The opinion of the court was delivered by: Diamond, J.


The Equity Receiver in this matter has asked me to approve proposals intended to maximize the recovery to innocent Investors defrauded by Joseph Forte's operation of a Ponzi scheme. (Civ. No. 09-63, Doc. No. 90; Civ. No. 09-64, Doc. No. 75.) Approximately one-third of Forte's Investors have objected. For the following reasons, I will overrule the objections and grant the Receiver's request.


On January 7, 2009, the Securities and Exchange Commission and Commodity Futures

Trading Commission brought civil enforcement actions against Joseph S. Forte and Joseph Forte, L.P. (the Partnership), alleging that Forte was running the Partnership as a Ponzi scheme. (Civ. No. 09-63, Doc. No. 1; Civ. No. 09-64, Doc. No. 1.) On September 30, 2009, I approved a Partial Final Judgment that reflected Forte's admissions of liability. (Civ. No. 09-63, Doc. No. 34.)

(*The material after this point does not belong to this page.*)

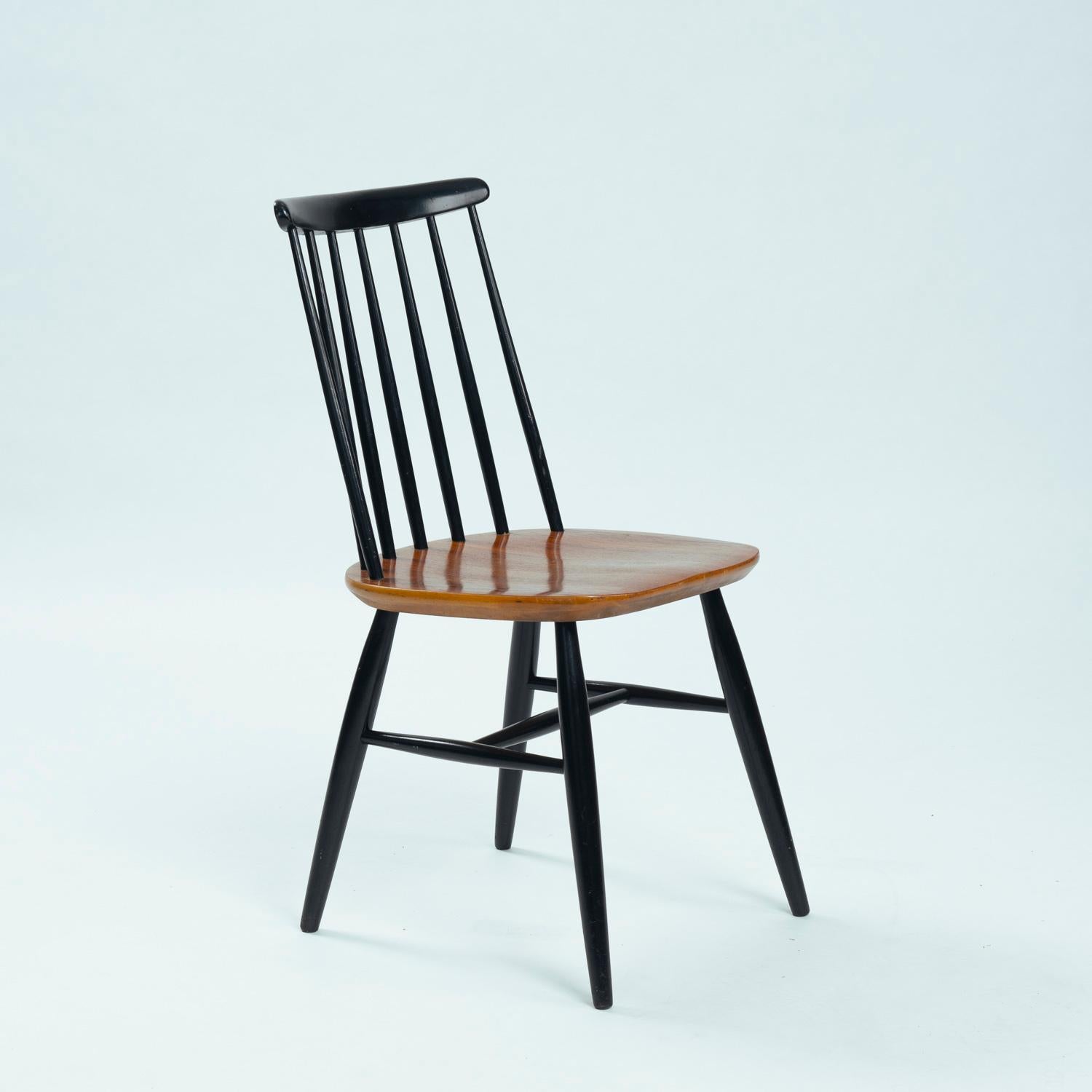 Danois Chaises à dossier fuseau en teck noir à la manière de Brisk One, set de 6 en vente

On March 30, 2009, I appointed Marion A. Hecht as Receiver of Defendants' assets. (Doc. No. 26.) I charged her and her Counsel, Lawrence T. Hoyle, with "assum[ing] control of, marshal[ing], pursu[ing], and preserv[ing] the Receivership Assets with the objective of maximizing the recovery of defrauded Investors and, to the extent that the assets recovered may be inadequate to make them whole, ensuring that the distribution of those assets is as just and equitable as practicable." (Id. at 3.) See Liberte Capital Group, LLC v. Capwill, 462 F.3d 543, 551 (6th Cir. 2006) (describing equity receiver's role (citing 13 James Wm. Moore et al., Moore's Federal Practice ¶¶ 66.02-.03 (3d ed. 1999)).

The Receiver and 94 of Forte's 125 Limited Partners concluded "tolling agreements" by which those Investors waived any limitations defense as to claims that were legally viable as of March 29, 2010-less than one year after Ms. Hecht's appointment. (Doc. No. 104 at 12.) The Receiver initiated "clawback" actions against those Investors who did not enter into tolling agreements, thus seeking to recover disbursements determined to be fraudulent. (Id.) See, e.g., Hecht v. Malvern Preparatory Sch., 716 F. Supp. 2d 395 (E.D. Pa. 2010).

The Receiver has filed the instant Motion for an Order Setting a Claims Bar Date, Establishing Claims Resolution Procedures, and Approving Distribution Methodology. (Doc. No. 90.) After meeting with Investor representatives, she twice revised the Proposed Order. (Doc. Nos. 97, 107.) The following Investors have filed objections to the Receiver's proposals: a Group represented by Stradley Ronon Stevens & Young LLP; a Group represented by Drinker Biddle & Reath LLP; and two individual Investors. (Doc. Nos. 100; 101; 102; 105, Exs. A, B.) The SEC has filed a Response in support of the proposals. (Doc. No. 99.)


The Receiver's Proposed Order (attached as Appendix A) provides that claims against the Estate must be submitted no later than the Claims Bar Date, which shall be published to Investors and potential creditors. After receiving all timely claims, the Receiver will file a Quantitative Claims Report that sets out the amount, validity, and payment priority of each claim. The Receiver will also conduct discovery to determine individual culpability and notice as to fraud. She will then file a Qualitative Claims Report in which she recommends that: 1) named Investors who were culpable participants in Forte's scheme may not receive equitable distributions; 2) Investors who were on "inquiry notice" of the fraud may receive distributions only if they first return the false profits and principal they withdrew while on inquiry notice, or reach a Court-approved agreement with the Receiver as to a distribution; and 3) Investors not on inquiry notice may receive their full equitable distributions.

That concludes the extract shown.